On the subject of good news and uplift, on Wednesday night we spent time in a crowded Sydney pub for Sustainability Drinks with people keen to hear Mark Diesendorf talk about his latest book, Sustainable Energy Solutions for Climate Change, and then talk about their own passion for sustainability.
The Fifth Estate also did a small presentation on our ebook, the Energy Gold Rush.
Diesendorf had the crowd rather entranced.
There was an “enormous battle for renewable and sustainable energy,” he said. “Why? Because it’s been too successful.”
In 2007 solar power was the most expensive renewable energy, he said, today it was the cheapest. South Australia was well capable of becoming 100 per cent renewable on its phenomenal wind capacity. All that was needed was to upgrade the transmission wires to the eastern states so that some of the excess electricity produced by its wind power.
Superannuation with social impact
Another presenter, Christina Hobbs from 350.org, gave a run down of the divestment campaign that her organisation has run to encourage Australians to pull money out of finance and investment institutions that have coal in their portfolio.

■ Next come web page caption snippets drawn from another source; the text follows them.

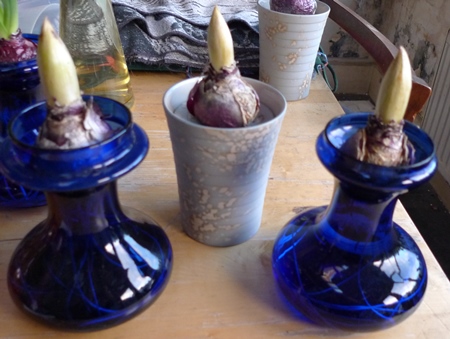 anne marie hyacinths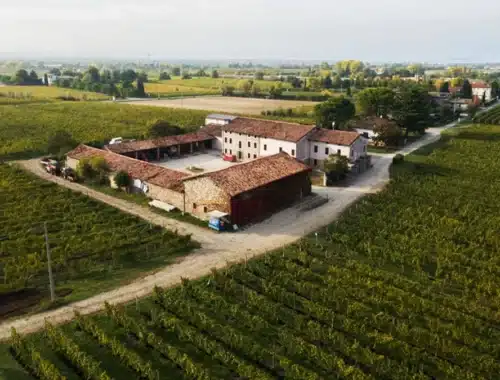 azienda agricola marangona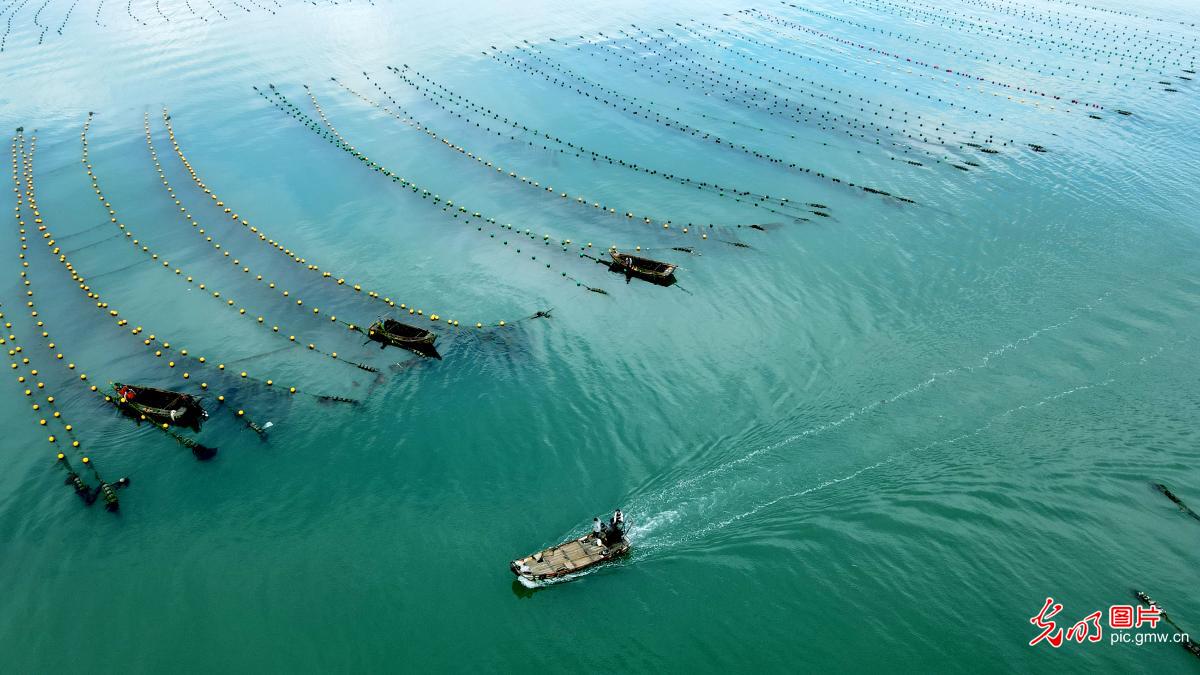 海洋生态养殖催生“碳汇产业”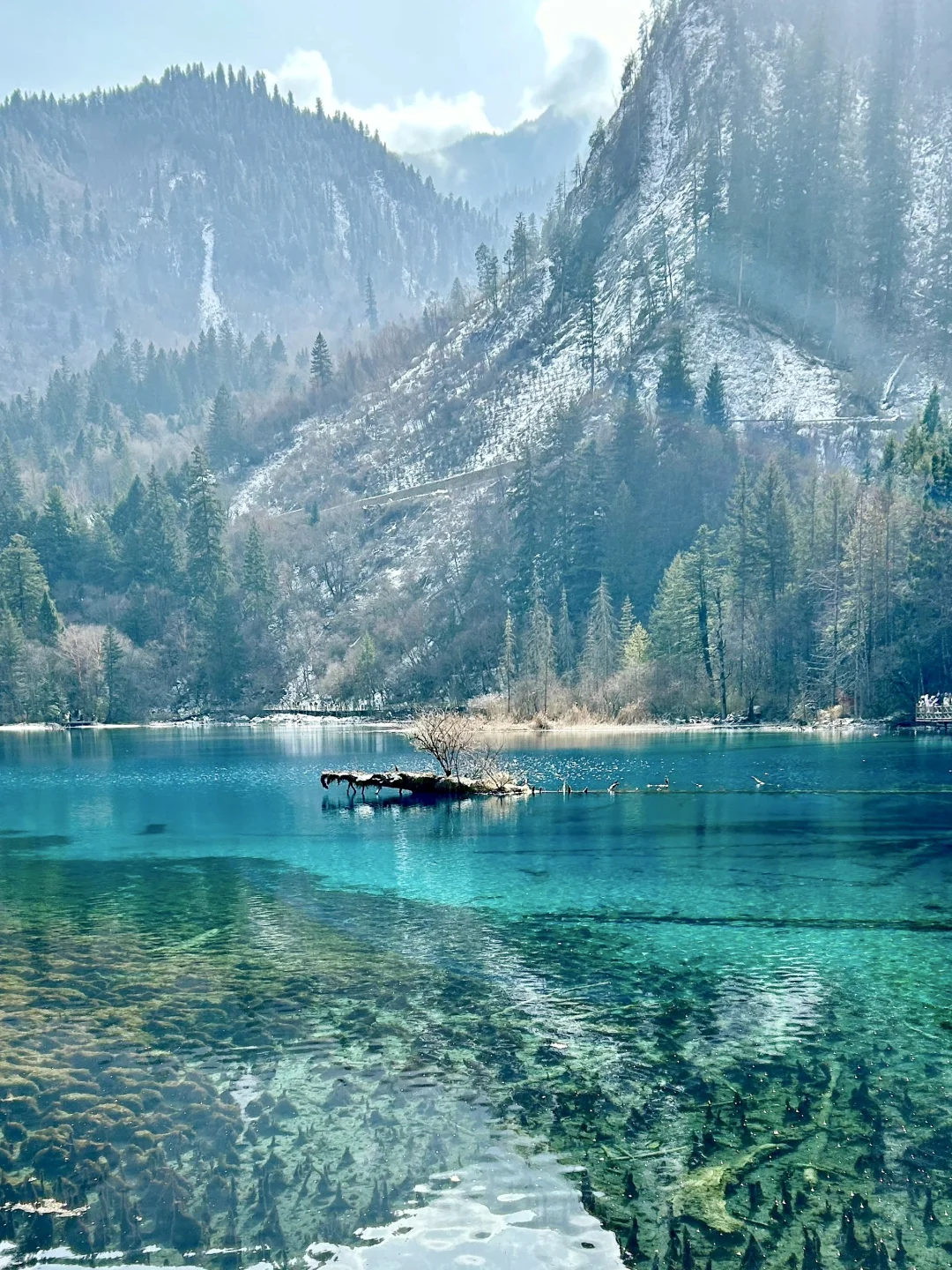 2.17 九寨沟live现状,想去的姐妹慎重。。。😅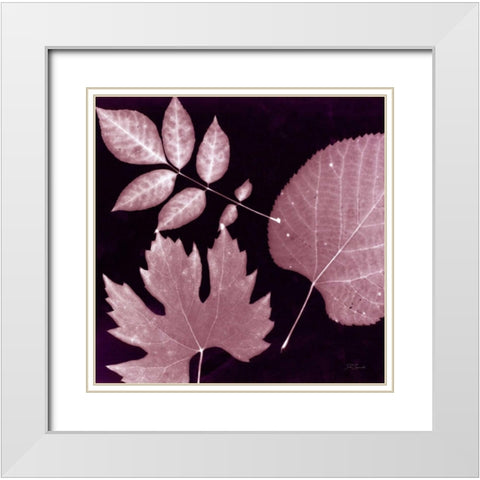 Cabernet Sunprint Leaves White Modern Wood Framed Art Print with Double Matting by Zamudio, Dan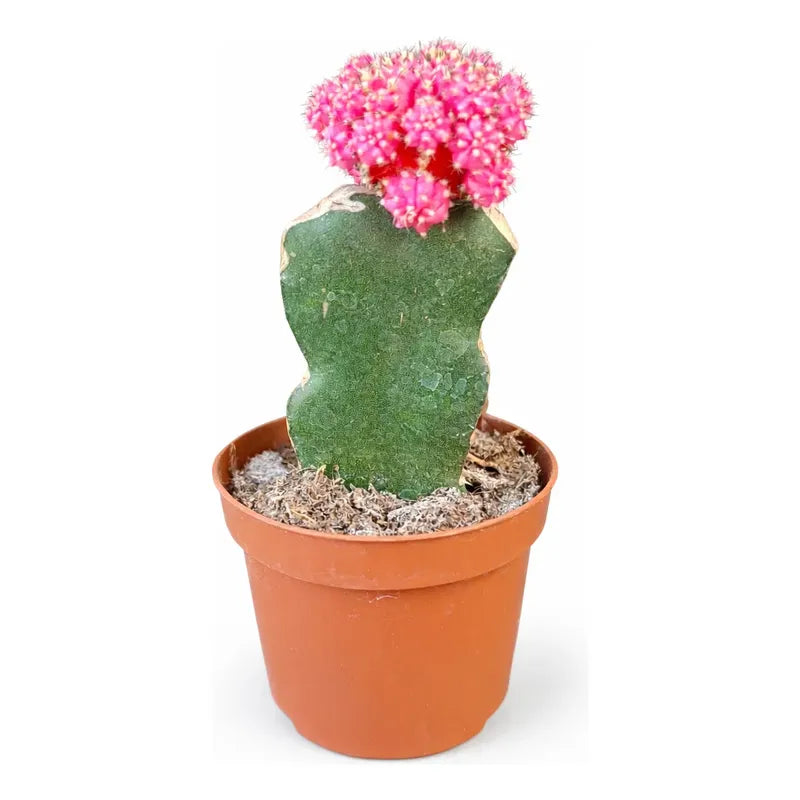 Cactus Injertado Pequeño Fucsia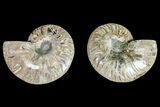 Agatized Ammonite Fossil - Madagascar #145981-1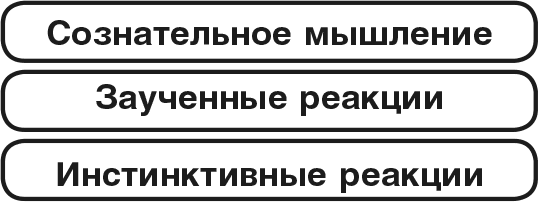 Иллюстрация к книге — Машина эмоций [i_053.jpg]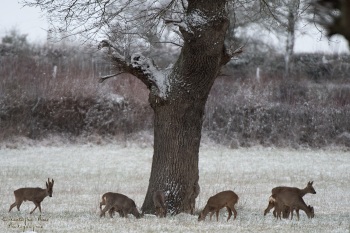 1SerieTN-Hiver-Chevreuil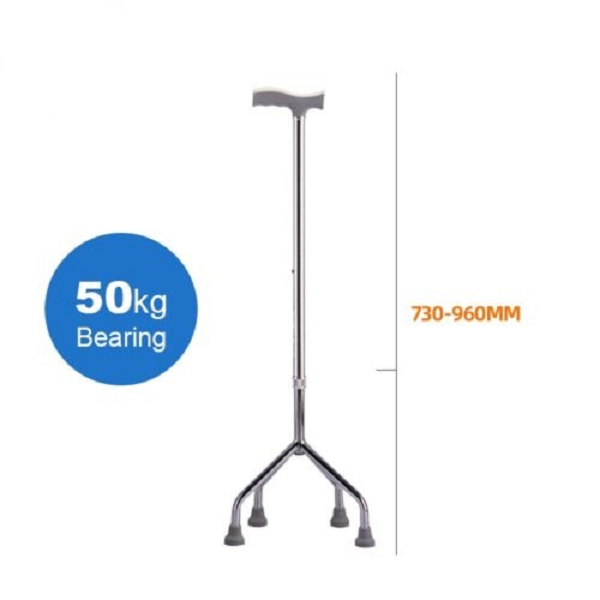 VANTEVIS QUAD CANE – 4 LEG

The huge ads and media articles trying to drum up counter support, under an “Australians for Coal” campaign, showed this was working, Hobbs said.
Next month, she said, will see the launch of a new superannuation fund that will be fossil fuel free, Future Super.
The new fund is out of Melbourne – an idea cobbled up by entrepreneurs, Aron Ping D’Souza and Phil Kingston, who are targeting young people who want to have a positive social impact with their investments.
Here’s the website:
Let’s stick our neck out and say that this fund and its competition Australian Ethical will go like the clappers. Ringing in our ears are the words of the AE people when we asked what they were doing holding a stall at a climate rally last year.
“Cleaning up,” they said.
Ping D’Souza told a newspaper late last year that, “So many people said this was legally impossible. These were people with the letters AO after their name. But we are so proud the regulators and trustees have supported the creation of a social-impact focused fund.
Interestingly for the property and development sector, he said the fund would not exclude resources stocks because it wanted to support “next generation infrastructure or better designed cities”.
“For that you need steel, and concrete. So we will own resources stocks if they meet good environmental standards.”
Future Super aims for 1 per cent of the market – about $16 billion, according to the article. It could be more if the recent survey by The Australia Institute is correct in saying that 25 per cent of people would put their money into a clean fund if it was available. That’s a quarter of about $2 trillion in total superannuation investments, Hobbs estimated in her presentation.
The next Sydney Sustainability Drinks, held on the second Wednesday of each month, will be on the topic of green money.
The smart money is on smart cities, smart futures and young people.
In Perth, LandCorp chief operating officer, Nicholas Wolff, who we were chatting with ahead of our launch event for Greening the West Part 2 next month, said it was time for a generational change in the property world and sustainability, to turn our attention to the people who actually care about the future and know that to get there, in one piece, things have to change.
We’re hearing more of that lately. A deep annoyance and boredom with the old generally male folk who run the joint and have a litany of reasons why things can’t be changed: why density doesn’t work, why you can’t rely on renewable energy, why you still need massive freeways and new freeways, why we should consider nuclear, why you can’t extract major environmental uplift out of ALL new buildings.
The future has to change if the people it belongs to are to inherit it. Time for the older generation to move over and for the young at heart to lend a hand.